Ninja became the lead singer for The Go! Team after the founder, Ian Parton, created the first The Go! Team studio album. With Ninja, the live band became a "separate entity" to the original studio vision, as their performances became radically different from their recordings, particularly due to Ninja's freestyled vocals contrary to the sampled vocals present on the album. Parton acknowledged that Ninja had become the "face of the band" in an interview with Erik Leijon in September 2007.

==Non-Go!

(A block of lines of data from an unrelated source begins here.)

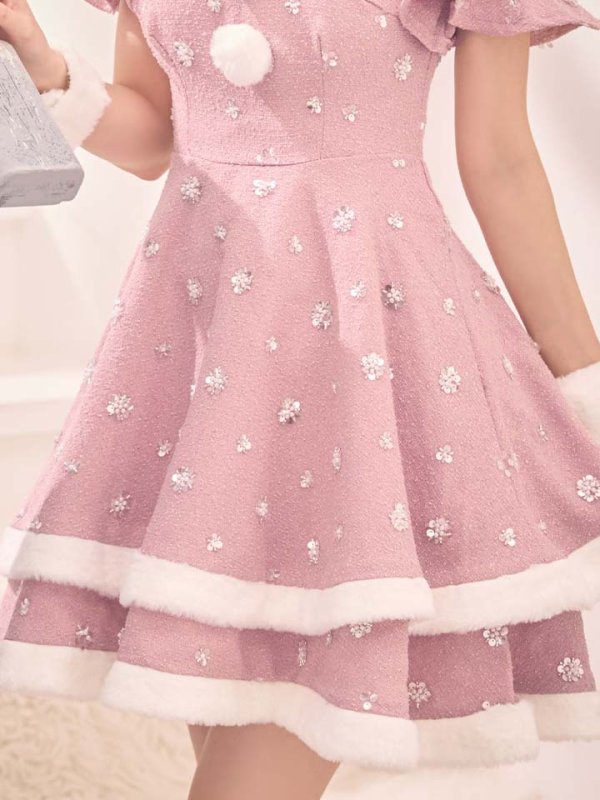 画像23: 【即日発送！】【サンタコス 5点セット】【XS-XLサイズ/4カラー】ケープ付きフレアサンタコスプレ[OF04]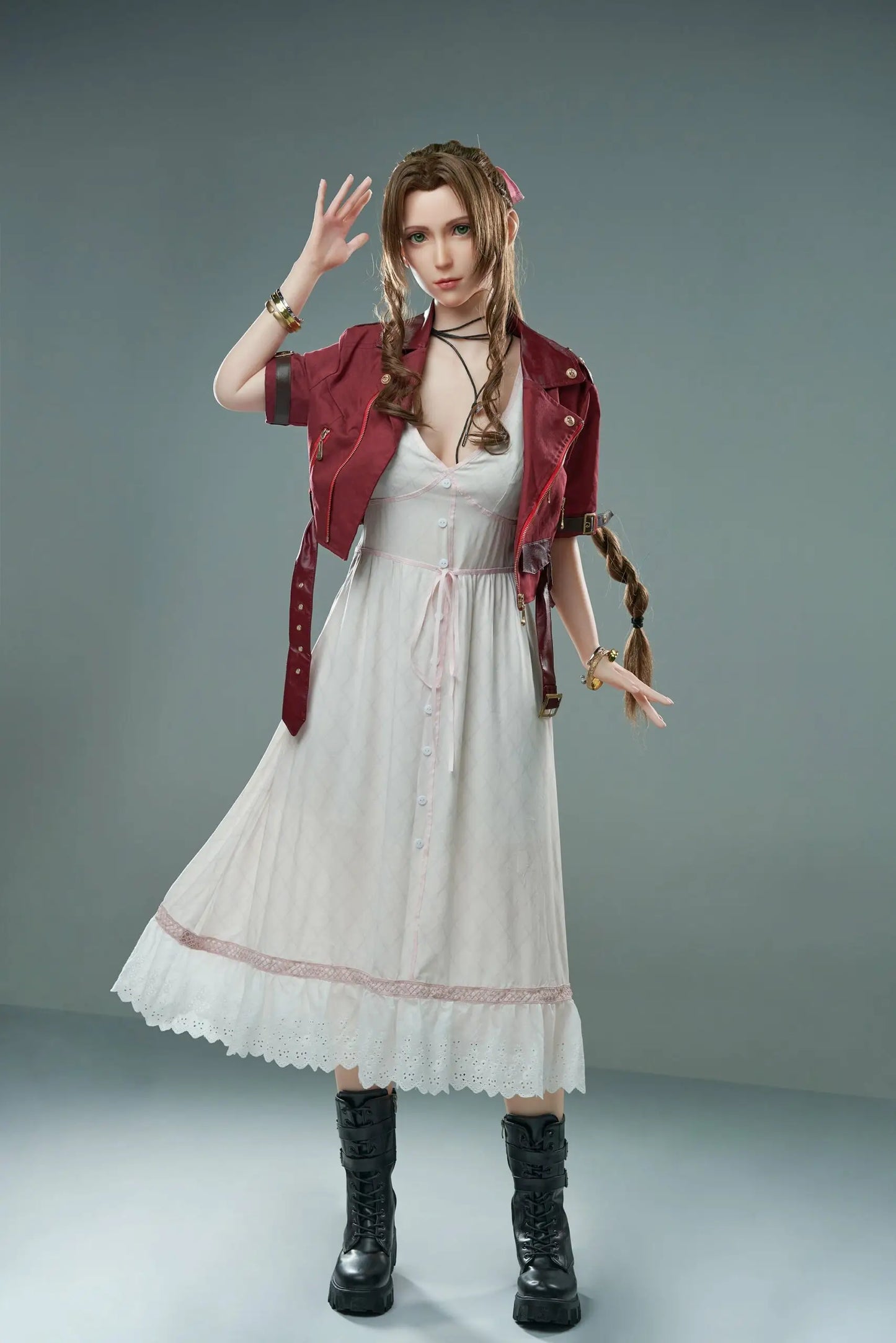 Seyo, brown wavy twin braids, pink hair bow, burgundy leather jacket, white deep-V slip dress, black leather mid-calf boots, green eyes, layered leather string choker, golden layered bracelet, looking at the camera like curious, grey studio background, standing, one hand raising up like proposing something – Tifa Lockhart cosplay sex doll by TopLoveDoll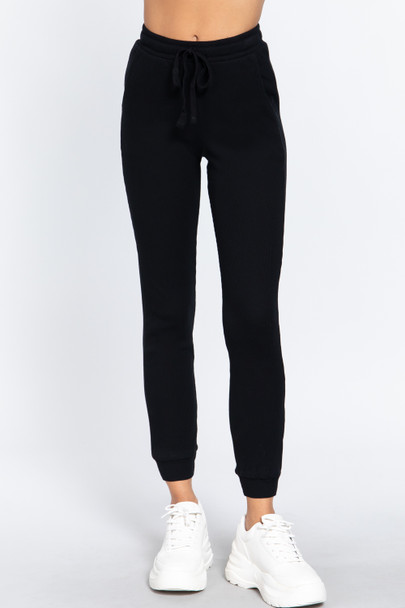 Waist Band Side Pocket Thermal Pants-Black
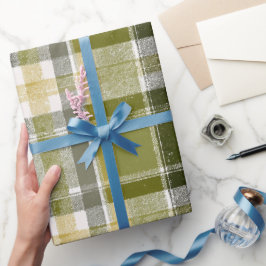 Antikes Olivgrün Rustikales Karo Karomuster Geschenkpapier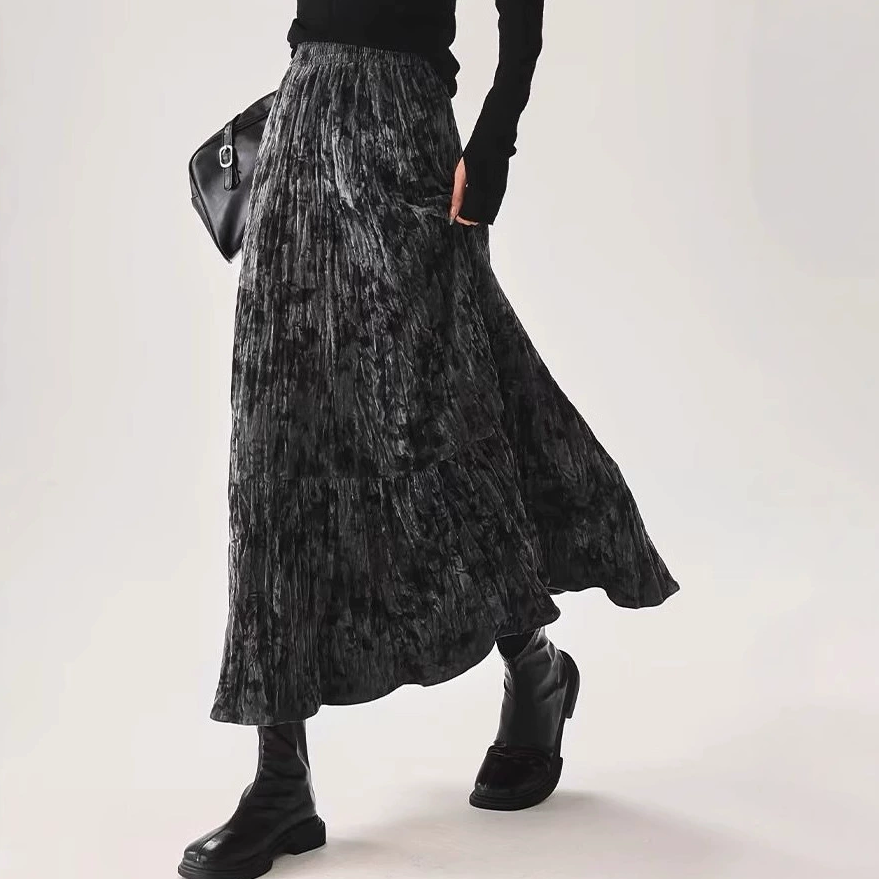 ID92 Skirt Ink Dyed High Waist Ruffled Silk Velvet A-line Flared Long Skirt 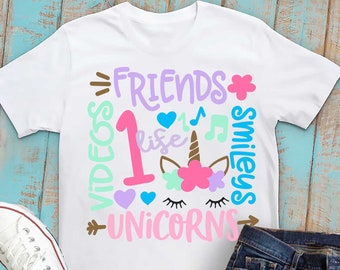 1st birthday svg, unicorn svg, one svg, 1 life svg, 1 svg, friends svg, svg, one year old, girls svg, birthday shirt, dxf, eps, collage svg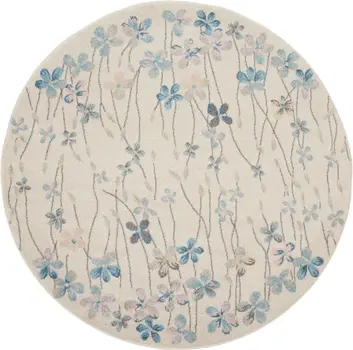 5' Ivory And Blue Floral Round Rug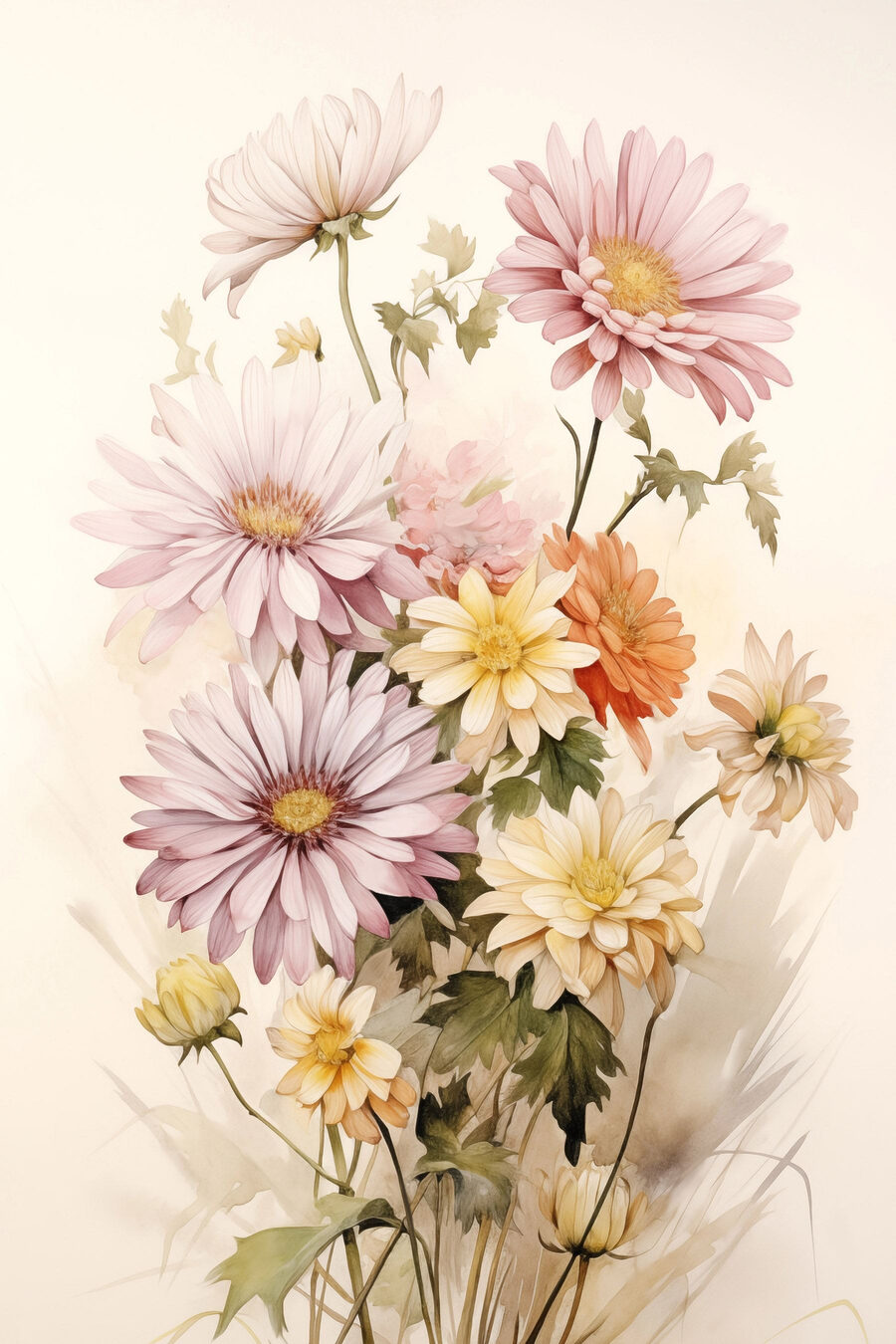 Schilderij van bloemen op een witte achtergrond — volledig ontwerp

Team work==
Ninja co-wrote and performed on Simian Mobile Disco tracks "Its The Beat" and "Hot Dog" on SMD's debut album Attack Decay Sustain Release.

Ninja co-wrote and performed on the track "Time Machine" by French band Rinocerose.

She co-wrote and performed on the Cut Chemist track "The Audience is Listening".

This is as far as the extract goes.